Instructions to follow:
Return the listing below exactly as it stands. Pictures stay out.

Input data:
============================================================

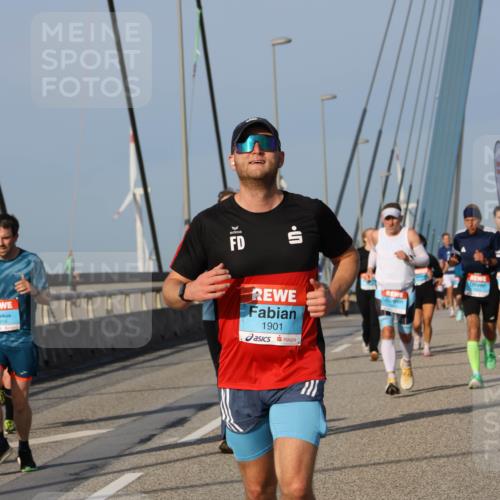03.10.2026 - Köhlbrandbrückenlauf Strokosch-Dieckow http://msf.ph/oto/10606542 03.10.2026 09:44:56 Position 2 818, 40, 1901, 2 meine-sportfotos.de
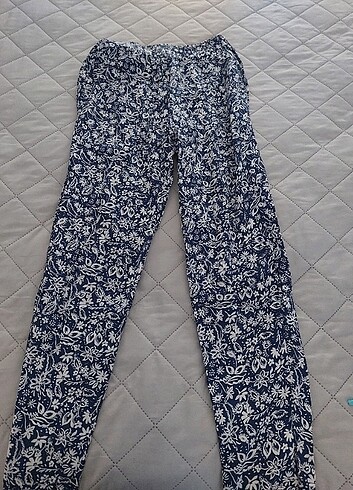 36 Beden 2 adet günlük pantalon tanesi 100tl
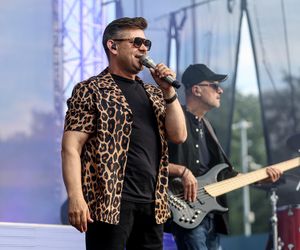Śląska Scena Letnia na promenadzie przy Stadionie Śląskim w Chorzowie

============================================================

Expected answer:
03.10.2026 - Köhlbrandbrückenlauf Strokosch-Dieckow http://msf.ph/oto/10606542 03.10.2026 09:44:56 Position 2 818, 40, 1901, 2 meine-sportfotos.de
 36 Beden 2 adet günlük pantalon tanesi 100tl
Śląska Scena Letnia na promenadzie przy Stadionie Śląskim w Chorzowie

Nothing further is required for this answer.